**Task requirements:**
Your output should be exactly the lines from the one containing "BIRKENSTOCK Low Sandals*" through the last line of the listing, and nothing else. Pictures stay out.

------ Dataset section

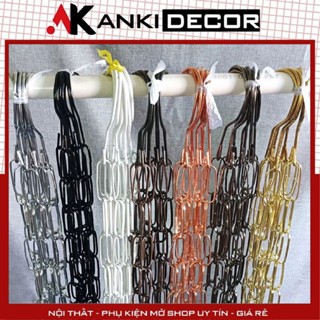 Combo 5 Dây xích sắt cho shop, dây xích treo quần áo, dây xích treo phối đồ Anki Decor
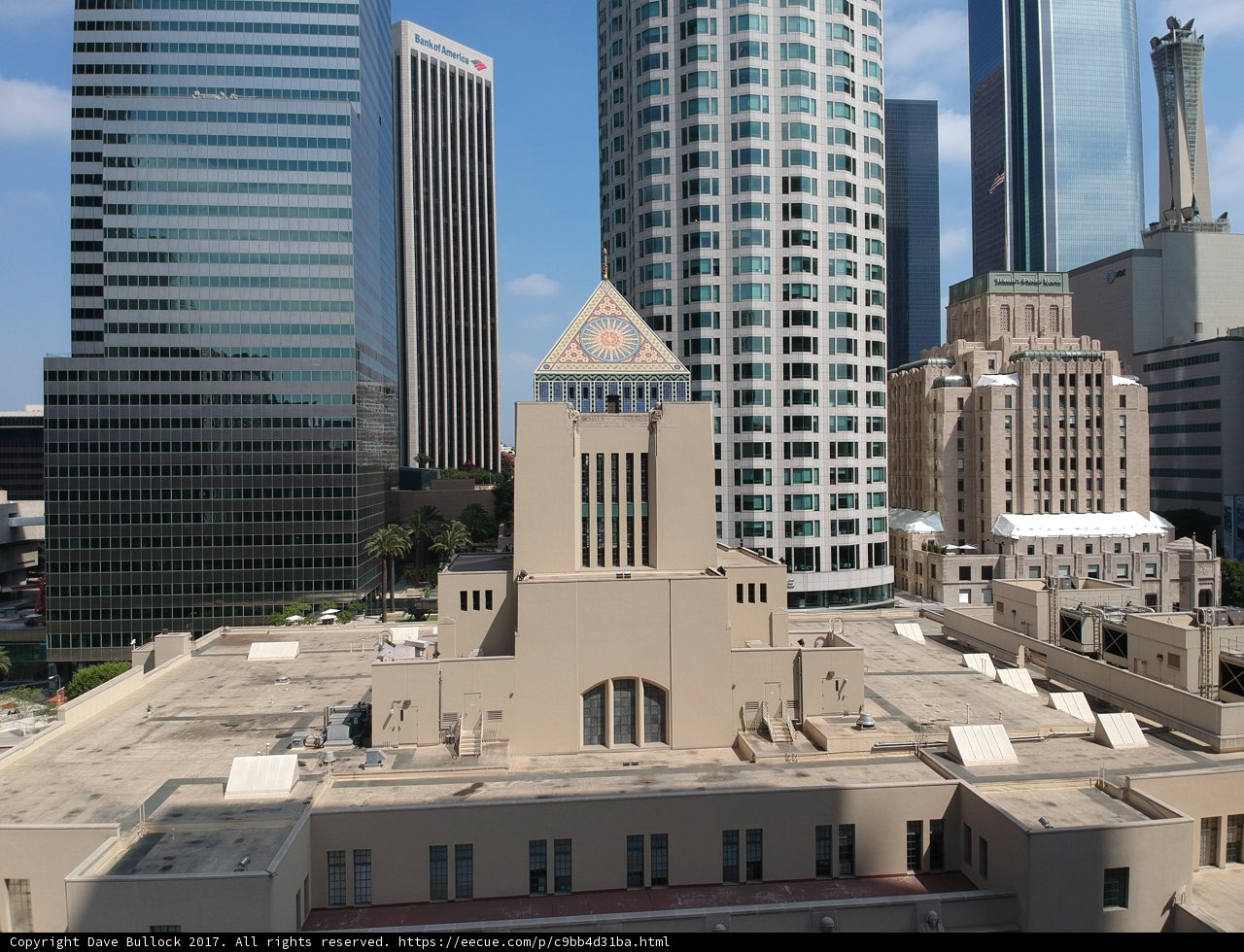 Urban Skyline with Clock Tower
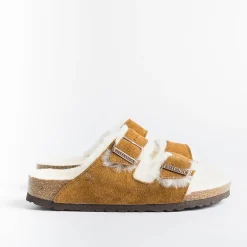 BIRKENSTOCK Low Sandals* - Flat Sandals 1001135 - Arizona Fur - Mink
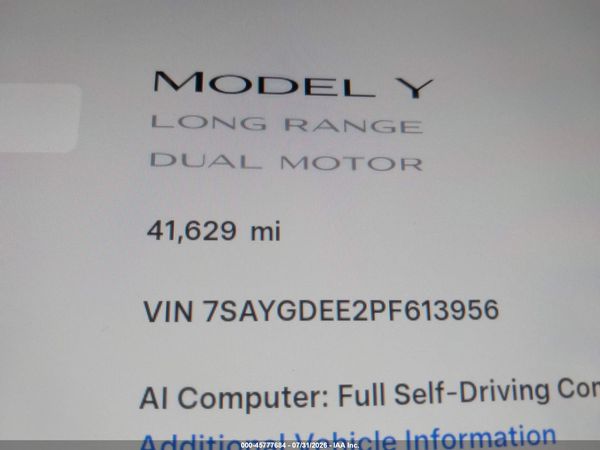 2023 TESLA MODEL Y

------------

**Result for this task:**
 BIRKENSTOCK Low Sandals* - Flat Sandals 1001135 - Arizona Fur - Mink
 2023 TESLA MODEL Y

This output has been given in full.